CSE/NB 528 Optional Homework: Learning in Neurons and Networks

 

This homework is optional – it contains extra credit problems.

[Extra credit points will be added separately to the course total,

so you will not be penalized if you skip extra credit problems.]

 

Please turn in your solutions to these extra credit problems by

midnight the last day of classes (Friday, June 7, 2013 midnight).

 

Extra Credit Submission Procedure:
Create a Zip file called "528-extracredit-lastname-firstname" containing the following:
(1)  Document with write-up specifying the extra credit problem you are attempting, with your 
answers to any questions asked in the problem, as well as any figures, plots, or graphs 
supporting your answers,
(2) Your Matlab program files,
(3) Any other supporting material needed to understand/run your solutions in Matlab.

Upload your Zip file to this dropbox.

Upload your file by 11:59pm Friday, June 7, 2013. 
 

 

 

1.    Unsupervised Learning (20 points): Write Matlab code to implement Oja’s Hebb 
          rule (Equation 8.16 in the Dayan & Abbott textbook) for a single linear neuron 
          (as in Equation 8.2) receiving as input the 2D data provided in c10p1.mat
          but with the mean of the data subtracted from each data point. Use “load –ASCII 
          c10p1.mat” and type “c10p1” to see the 100 (x,y) data points. You may plot them using 
          scatter(c10p1(:,1),c10p1(:,2))”. Compute and subtract the mean (x,y) value from each 
          (x,y) point. Display the points again to verify that the data cloud is now centered around
          0. Implement a discrete-time version (like Equation 8.7) of the Oja rule with a = 1. 
          Start with a random w vector and update it according to w(t+1) = w(t) + delta*dw/dt, 
          where delta is a small positive constant (e.g., delta = 0.01) and dw/dt is given by the Oja 
          rule (assume tw = 1). In each update iteration, feed in a data point u = (x,y) from 
          c10p1. If you’ve reached the last data point in c10p1, go back to the first one and 
          repeat. Keep updating w until the change in w, given by norm(w(t+1) - w(t)), is negligible 
          (i.e., below an arbitrary small positive threshold), indicating that w has converged.
a.                To illustrate the learning process, print out figures displaying the current weight vector 
           w and the input data scatterplot on the same graph, for different time points during the 
           learning process.
b.               Compute the principal eigenvector (i.e., the one with largest eigenvalue) of the zero-
           mean input correlation matrix (this will be of size 2 x 2). Use the matlab function “eig
           to compute its eigenvectors and eigenvalues. Verify that the learned weight vector w 
           is proportional to the principal eigenvector of the input correlation matrix (read 
           Sections 8.2 and 8.3).
 

 

2.    Supervised Learning (20 points): In class, we discussed neural networks that use either a threshold or sigmoid activation function. Consider networks whose neurons have linear activation functions, i.e., each neuron’s output is given by g(a) = ba+c, where a is the weighted sum of inputs to the neuron, and b and c are two fixed real numbers.

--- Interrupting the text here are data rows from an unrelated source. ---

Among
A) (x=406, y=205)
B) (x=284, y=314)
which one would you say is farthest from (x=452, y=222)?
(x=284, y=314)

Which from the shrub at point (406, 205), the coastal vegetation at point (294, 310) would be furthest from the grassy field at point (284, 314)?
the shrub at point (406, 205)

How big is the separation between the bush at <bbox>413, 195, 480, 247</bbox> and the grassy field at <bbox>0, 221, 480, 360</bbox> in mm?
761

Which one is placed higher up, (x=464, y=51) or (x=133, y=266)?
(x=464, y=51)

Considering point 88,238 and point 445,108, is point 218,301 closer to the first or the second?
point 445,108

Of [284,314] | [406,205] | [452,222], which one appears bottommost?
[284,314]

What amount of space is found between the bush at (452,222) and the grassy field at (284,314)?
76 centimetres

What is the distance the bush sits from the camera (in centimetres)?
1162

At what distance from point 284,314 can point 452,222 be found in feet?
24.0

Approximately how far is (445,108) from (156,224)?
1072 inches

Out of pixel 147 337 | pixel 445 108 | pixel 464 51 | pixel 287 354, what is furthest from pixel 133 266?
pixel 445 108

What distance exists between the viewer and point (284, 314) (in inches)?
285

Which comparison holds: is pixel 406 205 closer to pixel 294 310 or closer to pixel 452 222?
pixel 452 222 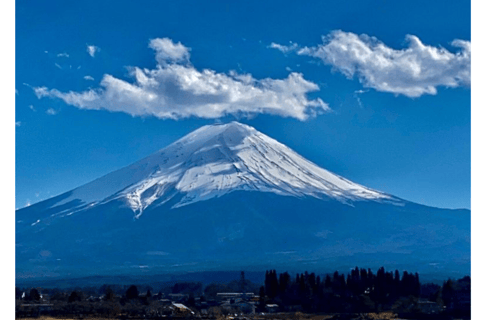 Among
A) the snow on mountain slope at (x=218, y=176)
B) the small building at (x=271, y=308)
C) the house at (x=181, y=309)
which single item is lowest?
the house at (x=181, y=309)

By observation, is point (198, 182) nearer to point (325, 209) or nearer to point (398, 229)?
point (325, 209)

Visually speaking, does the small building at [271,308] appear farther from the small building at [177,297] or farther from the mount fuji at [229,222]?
the mount fuji at [229,222]

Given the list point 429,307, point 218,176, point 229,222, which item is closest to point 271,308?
point 429,307

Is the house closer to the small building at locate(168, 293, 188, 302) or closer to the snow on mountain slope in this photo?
the small building at locate(168, 293, 188, 302)

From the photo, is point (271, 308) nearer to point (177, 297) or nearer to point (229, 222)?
point (177, 297)

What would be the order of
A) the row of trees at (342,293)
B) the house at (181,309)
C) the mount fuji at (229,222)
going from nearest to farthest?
the row of trees at (342,293) < the house at (181,309) < the mount fuji at (229,222)

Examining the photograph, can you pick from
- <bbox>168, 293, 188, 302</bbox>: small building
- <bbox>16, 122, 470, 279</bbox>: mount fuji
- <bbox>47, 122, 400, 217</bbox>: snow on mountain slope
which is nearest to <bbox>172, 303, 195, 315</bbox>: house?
<bbox>168, 293, 188, 302</bbox>: small building

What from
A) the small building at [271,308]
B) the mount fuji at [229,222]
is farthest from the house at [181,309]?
the mount fuji at [229,222] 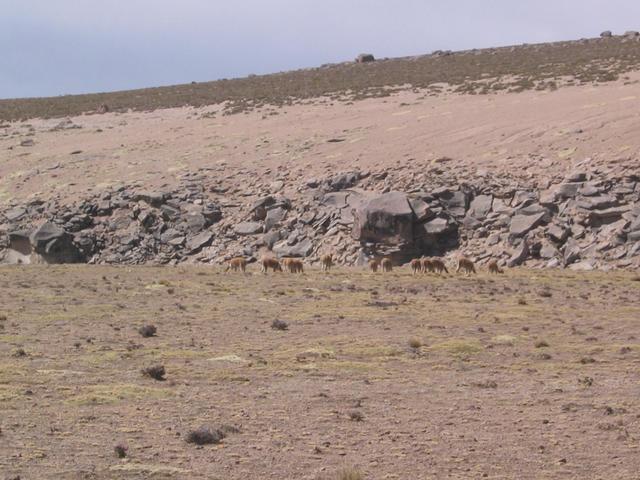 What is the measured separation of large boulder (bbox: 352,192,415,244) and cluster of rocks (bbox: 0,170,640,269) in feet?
0.13

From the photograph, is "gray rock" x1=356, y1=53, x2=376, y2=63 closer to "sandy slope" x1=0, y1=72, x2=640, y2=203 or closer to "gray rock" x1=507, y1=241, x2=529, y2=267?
"sandy slope" x1=0, y1=72, x2=640, y2=203

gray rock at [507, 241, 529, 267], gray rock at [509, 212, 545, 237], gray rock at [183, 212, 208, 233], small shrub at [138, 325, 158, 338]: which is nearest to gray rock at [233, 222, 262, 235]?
gray rock at [183, 212, 208, 233]

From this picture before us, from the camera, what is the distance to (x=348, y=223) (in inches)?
1531

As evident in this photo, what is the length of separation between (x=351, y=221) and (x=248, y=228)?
519cm

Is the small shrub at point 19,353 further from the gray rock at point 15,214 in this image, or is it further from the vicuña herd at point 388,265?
the gray rock at point 15,214

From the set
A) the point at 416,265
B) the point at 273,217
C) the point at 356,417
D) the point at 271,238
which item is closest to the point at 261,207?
the point at 273,217

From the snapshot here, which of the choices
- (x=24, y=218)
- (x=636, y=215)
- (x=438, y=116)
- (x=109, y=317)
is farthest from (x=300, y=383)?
(x=438, y=116)

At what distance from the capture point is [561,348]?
18.7 metres

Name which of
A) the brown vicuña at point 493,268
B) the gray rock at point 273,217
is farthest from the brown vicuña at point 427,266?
the gray rock at point 273,217

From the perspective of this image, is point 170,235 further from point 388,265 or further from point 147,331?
point 147,331

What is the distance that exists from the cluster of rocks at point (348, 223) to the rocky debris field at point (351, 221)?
0.05 metres

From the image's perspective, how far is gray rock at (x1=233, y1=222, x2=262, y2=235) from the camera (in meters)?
41.1

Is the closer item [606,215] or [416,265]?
[416,265]

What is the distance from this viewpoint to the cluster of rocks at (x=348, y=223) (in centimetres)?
3450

a.     Suppose you have a single neuron with a linear activation function g as above and input x = [x1,…,xn]T and weights W = [W1,…,Wn]T. Write down the squared error function for this input if the true output is y.

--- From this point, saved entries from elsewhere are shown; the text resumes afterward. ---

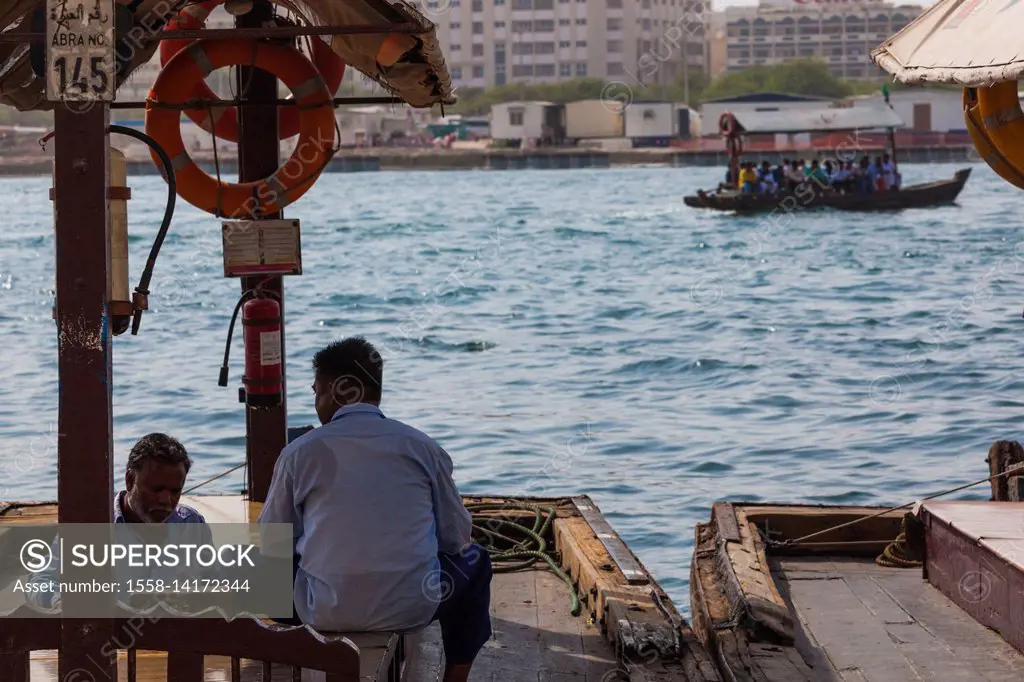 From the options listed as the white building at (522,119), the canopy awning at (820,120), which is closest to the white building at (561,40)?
the white building at (522,119)

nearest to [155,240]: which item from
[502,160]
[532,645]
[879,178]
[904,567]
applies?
[532,645]

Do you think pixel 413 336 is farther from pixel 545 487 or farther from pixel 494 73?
pixel 494 73

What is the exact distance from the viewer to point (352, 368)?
437 centimetres

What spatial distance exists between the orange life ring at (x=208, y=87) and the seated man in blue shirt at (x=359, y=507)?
9.34ft

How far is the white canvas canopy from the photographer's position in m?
4.59

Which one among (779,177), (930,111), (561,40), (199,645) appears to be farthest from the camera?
(561,40)

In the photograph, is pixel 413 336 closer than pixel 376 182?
Yes

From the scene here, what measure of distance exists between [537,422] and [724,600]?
9834mm

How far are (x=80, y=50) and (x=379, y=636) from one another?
1.78 metres

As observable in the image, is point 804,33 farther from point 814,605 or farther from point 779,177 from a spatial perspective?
point 814,605

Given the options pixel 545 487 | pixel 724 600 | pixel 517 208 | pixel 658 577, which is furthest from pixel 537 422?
pixel 517 208

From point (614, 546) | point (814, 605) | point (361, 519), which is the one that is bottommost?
point (814, 605)

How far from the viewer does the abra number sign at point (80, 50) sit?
3.52 metres

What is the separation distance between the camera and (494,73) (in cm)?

b.    Write down the weight update rule for the neuron based on gradient descent on the above error function.

c.     Now consider a network of linear neurons with one hidden layer of m units, n input units, and one output unit. For a given set of weights wkj in the input-hidden layer and Wj in the hidden-output layer, write down the equation for the output unit as a function of wkj, Wj, and input x (you can write your answer in vector-matrix form or using summations). Show that there is a single-layer linear network with no hidden units that computes the same function.

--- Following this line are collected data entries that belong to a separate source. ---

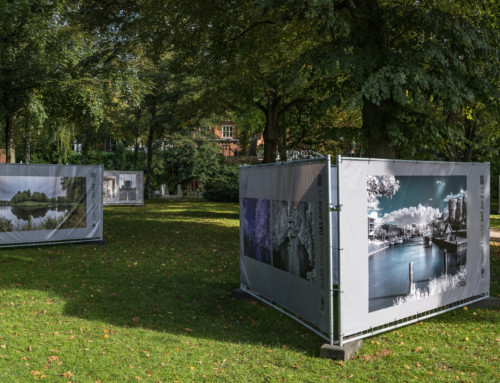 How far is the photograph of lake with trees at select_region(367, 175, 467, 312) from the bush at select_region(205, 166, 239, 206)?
31.7 metres

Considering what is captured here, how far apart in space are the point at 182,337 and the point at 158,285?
3.35 metres

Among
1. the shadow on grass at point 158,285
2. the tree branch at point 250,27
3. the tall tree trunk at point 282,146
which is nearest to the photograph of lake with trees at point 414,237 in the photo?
the shadow on grass at point 158,285

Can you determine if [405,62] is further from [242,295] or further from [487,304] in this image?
[242,295]

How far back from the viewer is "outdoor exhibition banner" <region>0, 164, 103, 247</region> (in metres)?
14.3

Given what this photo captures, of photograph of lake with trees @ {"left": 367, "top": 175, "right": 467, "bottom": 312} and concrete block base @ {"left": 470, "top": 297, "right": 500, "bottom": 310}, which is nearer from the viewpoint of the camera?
photograph of lake with trees @ {"left": 367, "top": 175, "right": 467, "bottom": 312}

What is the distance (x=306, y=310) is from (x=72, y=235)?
1092cm

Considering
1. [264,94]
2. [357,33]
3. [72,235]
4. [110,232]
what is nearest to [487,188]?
[357,33]

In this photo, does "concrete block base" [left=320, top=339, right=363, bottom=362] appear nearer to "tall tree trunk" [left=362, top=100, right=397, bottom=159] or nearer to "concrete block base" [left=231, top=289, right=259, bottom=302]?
"concrete block base" [left=231, top=289, right=259, bottom=302]

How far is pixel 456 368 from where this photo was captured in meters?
5.63

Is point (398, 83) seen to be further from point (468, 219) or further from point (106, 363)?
point (106, 363)

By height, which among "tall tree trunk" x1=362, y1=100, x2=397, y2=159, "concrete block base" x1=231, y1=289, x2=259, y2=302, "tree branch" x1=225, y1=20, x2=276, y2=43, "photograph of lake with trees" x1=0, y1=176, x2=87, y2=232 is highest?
"tree branch" x1=225, y1=20, x2=276, y2=43

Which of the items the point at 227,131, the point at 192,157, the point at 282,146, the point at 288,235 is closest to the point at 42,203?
the point at 288,235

d.    Given your result in (c), what can you conclude about the computational power of N-hidden-layers linear networks for N = 1, 2, 3, …? Explain your answer.

 
 

3.     Reinforcement Learning (20  points)

Implement actor critic learning (equations 9.24 and 9.25 in the Dayan & Abbott textbook)

in Matlab for the maze of figure 9.7, with learning rate epsilon = 0.5 for both actor and critic, and 
beta = 1 for the critic. Starting from zero weights for both the actor and critic, plot learning 
curves as in figures 9.8 and 9.9. Next, start from a policy in which the agent is biased to 
go left at both B and C, with initial probability 0.99 (and with 0.5 initial probability at A). 
How does this affect learning at A?
(Note: You will need to sample from a discrete distribution to get an action for each location. 
You can write your own code for this or use code available online such as this (with n = 1).)